Configure structured output for LLMs
Learn how to deploy models with structured output patterns, including JSON schemas, guided choices, regular expressions, and grammar-based constraints.
To use full tool and function calling support, install ray>=2.49.0
. Most features aren't available in previous versions (ray<=2.48.0
), but you can still use JSON outputs, specifically the JSON schema type pattern and the JSON object type pattern.
Understand structured output
When you build applications, unstructured LLM outputs can be difficult to extract and process reliably. Structured outputs let you enforce a specific format (such as JSON), removing ambiguity and making it easier to integrate responses into downstream systems.
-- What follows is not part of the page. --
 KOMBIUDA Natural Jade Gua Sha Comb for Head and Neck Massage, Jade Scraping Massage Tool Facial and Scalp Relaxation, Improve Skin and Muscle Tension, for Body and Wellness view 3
Use structured output when your application requires predictable fields or values.
Compared to unstructured text, structured output:
- Follows a fixed schema (for example, JSON, regular expressions, choices) instead of freeform language.
- Minimizes post-processing; responses are machine-readable by design.
- Ensures consistency between responses.
Review supported output formats
Since Ray Serve LLM uses vLLM as the inference engine, you can guide models to produce structured outputs using vLLM's built-in output formats.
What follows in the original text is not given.